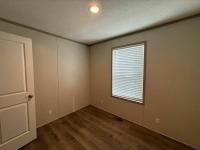 2024 Clayton Adrenaline 7216-E200 Manufactured Home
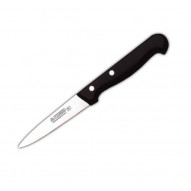 Cuchillo Verduras Profesional 9 Cm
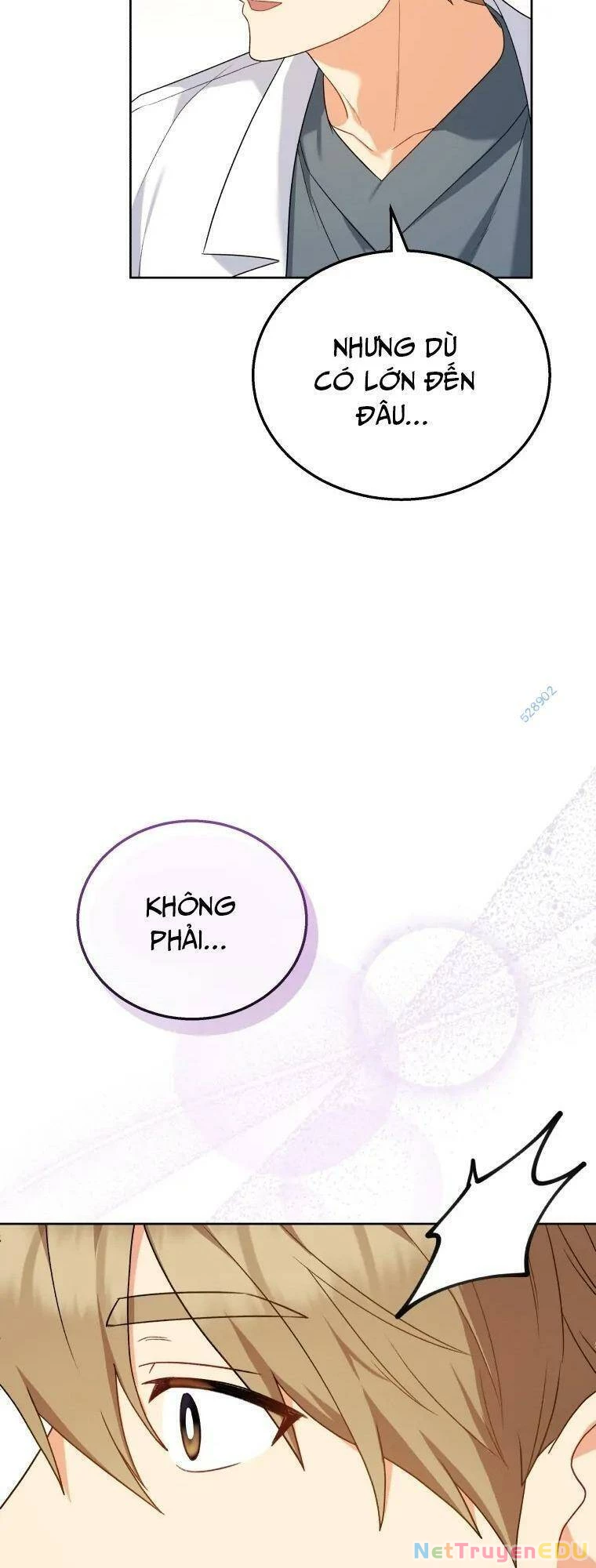 Xin Chào! Bác Sĩ Thú Y Chapter 23 - 72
━━━━━━━━━━━━━━━━━━━━━━━━━━━━━━
The listing above is to be written out again exactly, with its pictures omitted.

**Response to this exercise:**
 2024 Clayton Adrenaline 7216-E200 Manufactured Home
 Cuchillo Verduras Profesional 9 Cm
 Xin Chào! Bác Sĩ Thú Y Chapter 23 - 72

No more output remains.